= Fatty container =

Record storage box designed by Harri Koskinen

The Fatty Container (or simply the Fatty) is a vinyl record storage box designed by the Finnish designer Harri Koskinen in 1998 for company Schmidinger as part of their Möbel Kollektion range.

==Models==
There are two models, with catalogue numbers 7100 and 7150 from the Möbel Kollektion. Both are nearly identical in finish. They are made of quality birch plywood finished with a light clear lacquer, with rounded corners formed by bending the plywood. This bending is enabled by the inside having a further two pieces of plywood which allow the bending of the rounded sides, as well as also the flush fitting of the flat sides and lid. Two strong metal hinges are on either side of the back end of the lid, the front end of which has a catch for keeping it closed, with a loop for using a padlock if desired by the user.

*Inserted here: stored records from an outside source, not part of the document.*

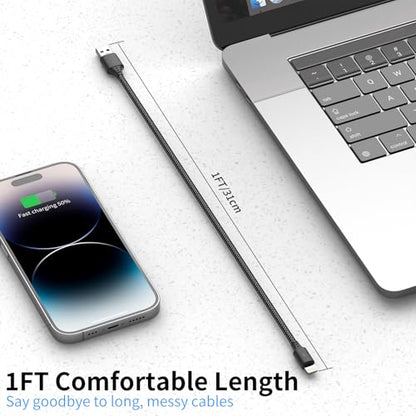 1FT USB A to Lightning Cable, 3Pack iPhone Charger Cord for iPhone 14/13/12 - size: 1FT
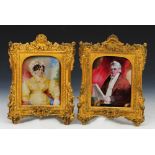 A PAIR OF 19TH C MINIATURE PORTRAITS OF A GENTLEMAN in red topcoat and a lady in yellow dress,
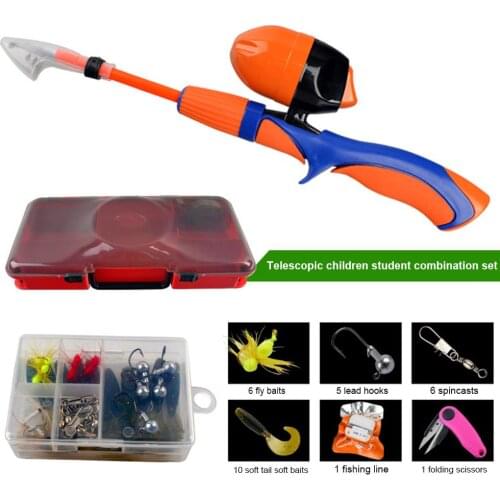 Kids Fishing Pole Portable Telescopic Fishing Rod Set With Spincast Fishing Reel Tackle Box For Boys Girls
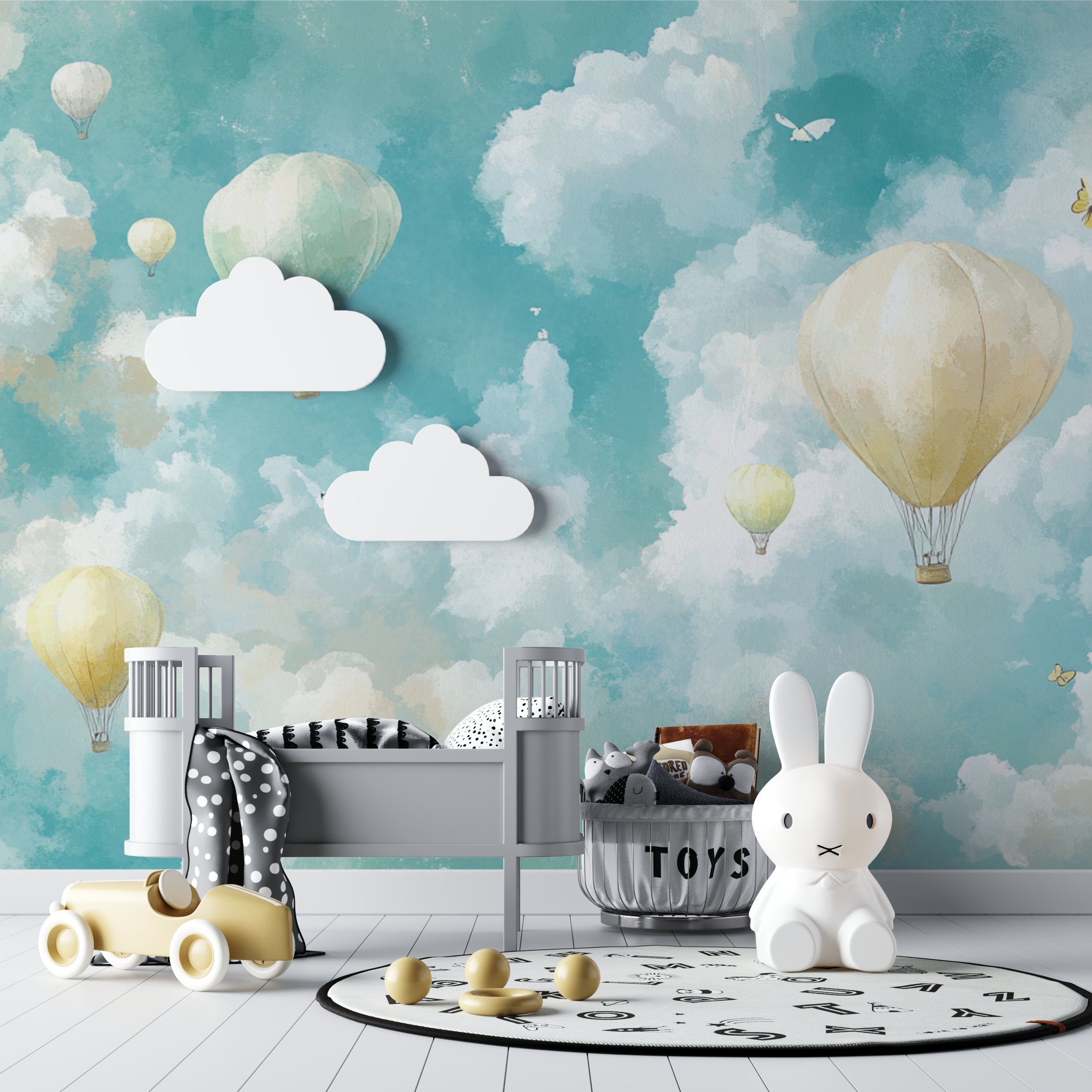 Licht Heißluftballon und Schmetterling Tapete | Wandbilder Tapete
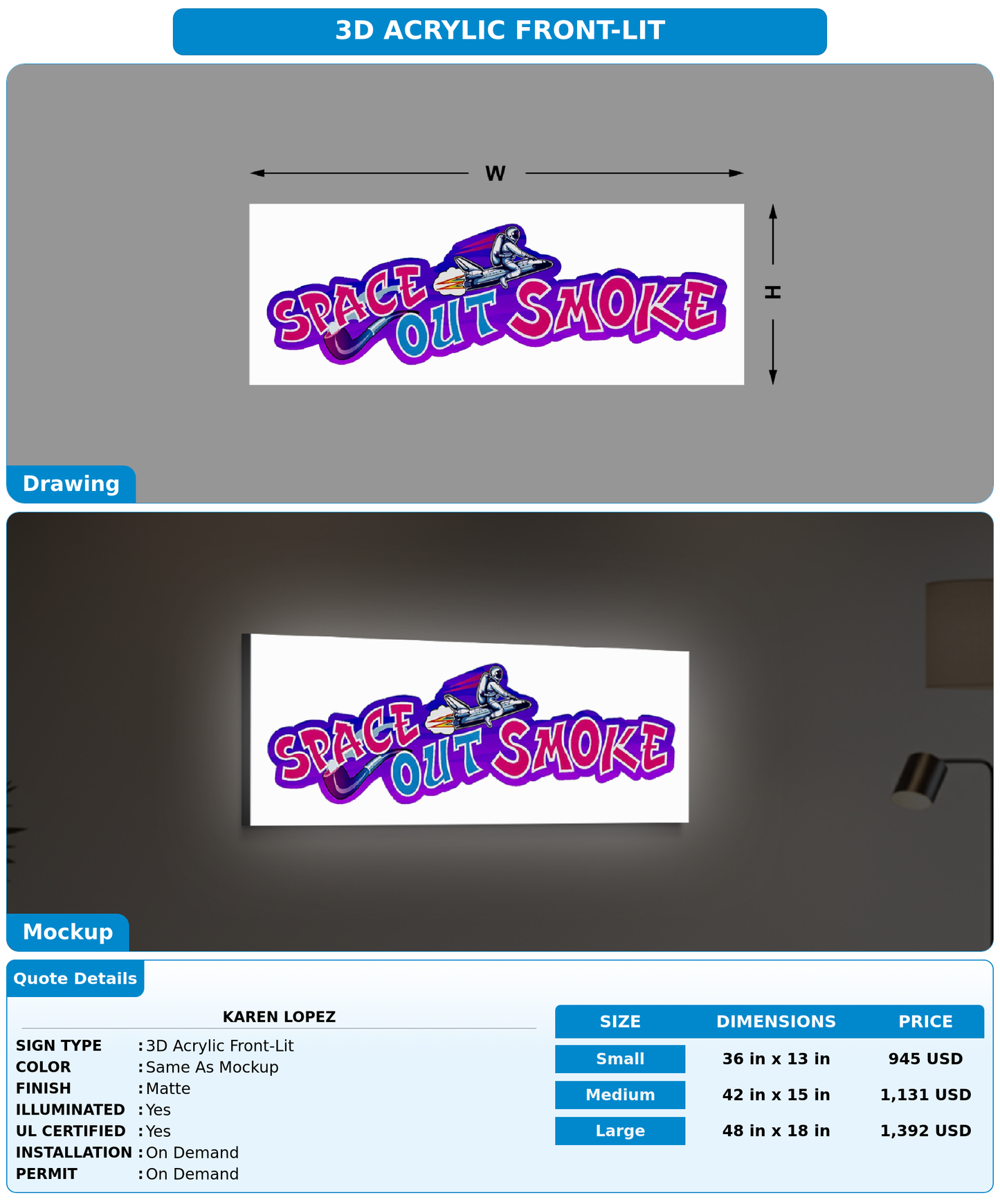 CUSTOM MOCKUP SIGN FOR karen lopez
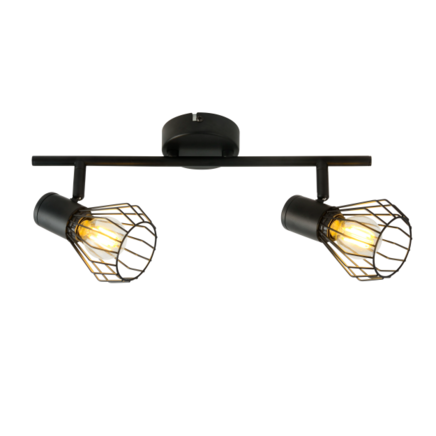 Industriel loftlampe med 2 spots - Julia - sort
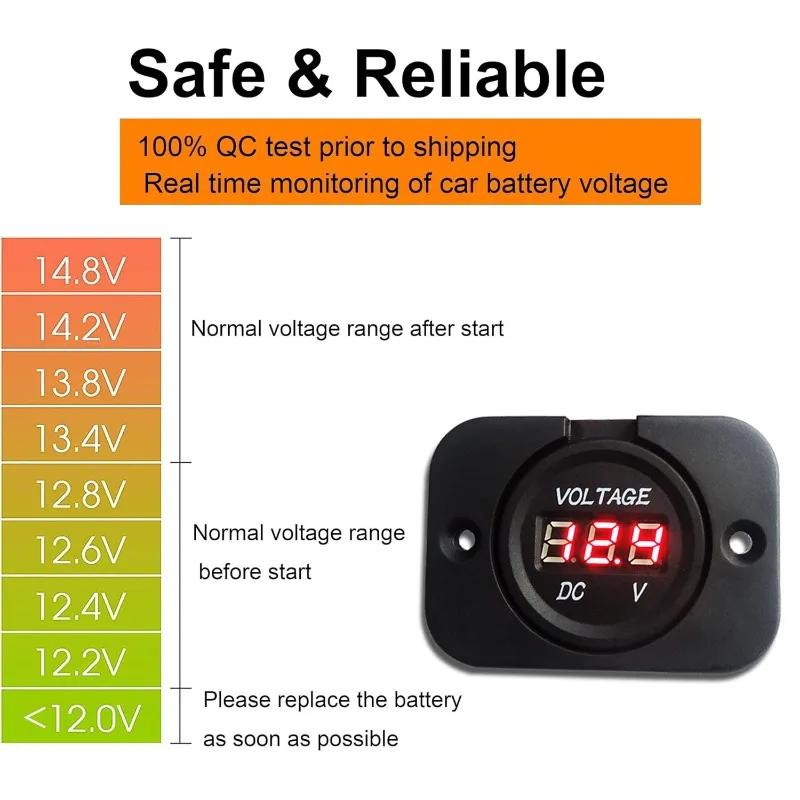 مقياس جهد السيارة مكون من 3 أرقام، شاشة بطارية LED للمركبات 12 فولت/24 فولت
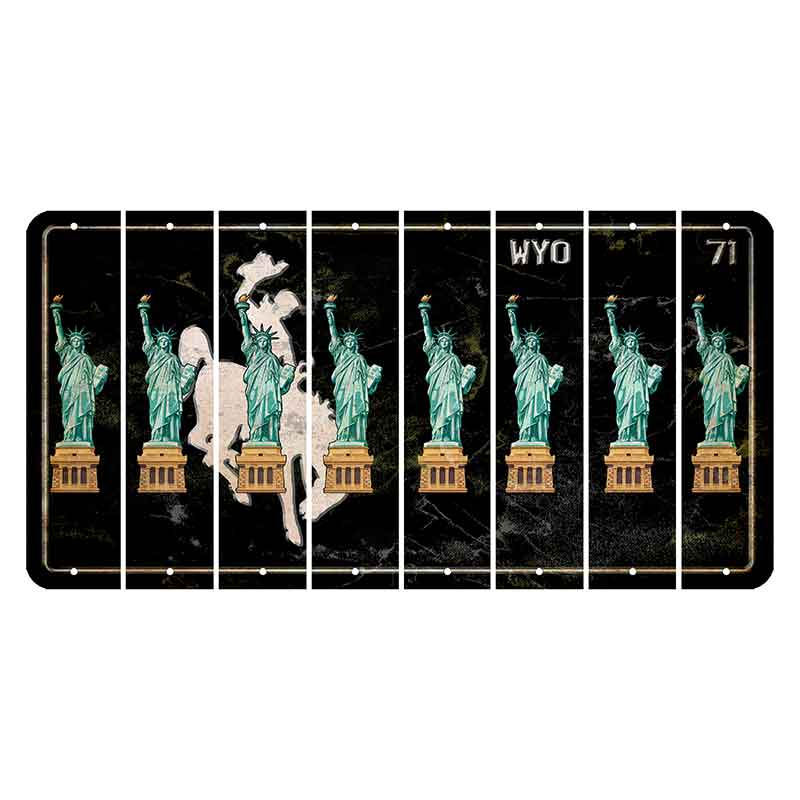 Wyoming WYO Black Cut License Plate Strips (Set of 8) Statue of Liberty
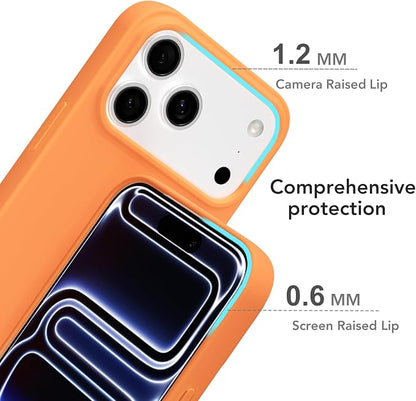 for iPhone 17 Pro Case Silicone Compatible with Magsafe Case, Ultra Slim Thin Magnetic Phone Cases Mag Safe, Cute Soft Rubber Gel TPU Matte Plain Wireless Charging Cover for Women, Neon Orange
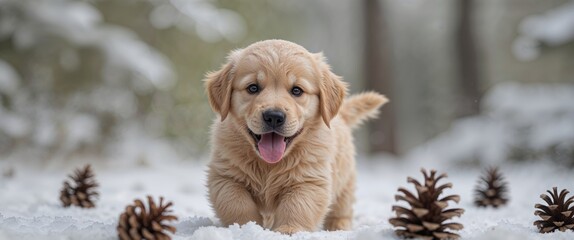 Cute Golden Retriever Puppy In Snow With Pine Cones.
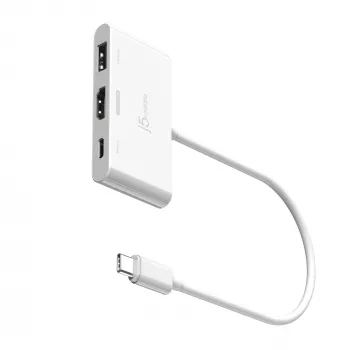 Adaptador j5create JCA399 USB-C® para HDMI™ 4K144Hz e USB™ 3.2 com Power Delivery 100W, Preto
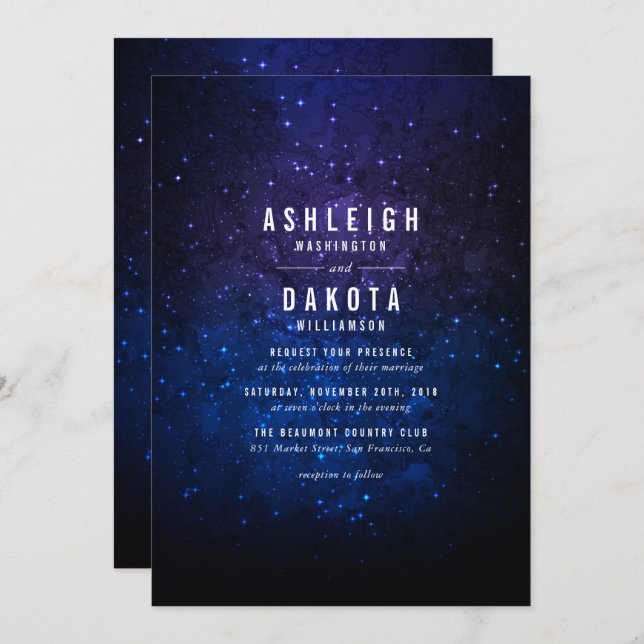 Convite Sky e Estrelas Brilhantes| Casamento de Galáxias (Frente/Verso)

===The 7100 'Hockerkiste'===
('Hockerkiste' translates from the German as 'Stool Crate')
- Dimensions: (external) W400mm x D400mm x H400mm / (internal) W380mm x D380mm x H380mm.
- Capacity: 53 Litres (approx.).
- Weight: 4.7 kg (approx.).
- Features: No handles, designed for storing records in situ, and can be used as a stool (or stools, if many units placed together).

===The 7150 'Kiste'===
('Kiste' translates from the German as 'Crate')
- Dimensions: (external) W200mm x D400mm x H400mm / (internal) W180mm x D380mm x H380mm.
- Capacity: 25 Litres (approx.).
- Weight: 3.4 kg (approx.).
- Features: Handle on the lid, designed for carrying records.

==Quality==
While technically they are handmade, machinery is used in some of the construction processes for the boxes. The €198 (7100) and €172 (7150) retail price in continental Europe for each unit is extremely expensive when compared to similar, although lesser designed products using simpler materials, which offer the record collector an alternative at between 10–20% of the price. However, in its favour, the Fatty is arguably far superior ergonomically and is intended equally as a piece of furniture to sit on (in the case of the 7100). That, along with being designed by a much in demand designer, Harri Koskinen, may account for this relatively high pricing.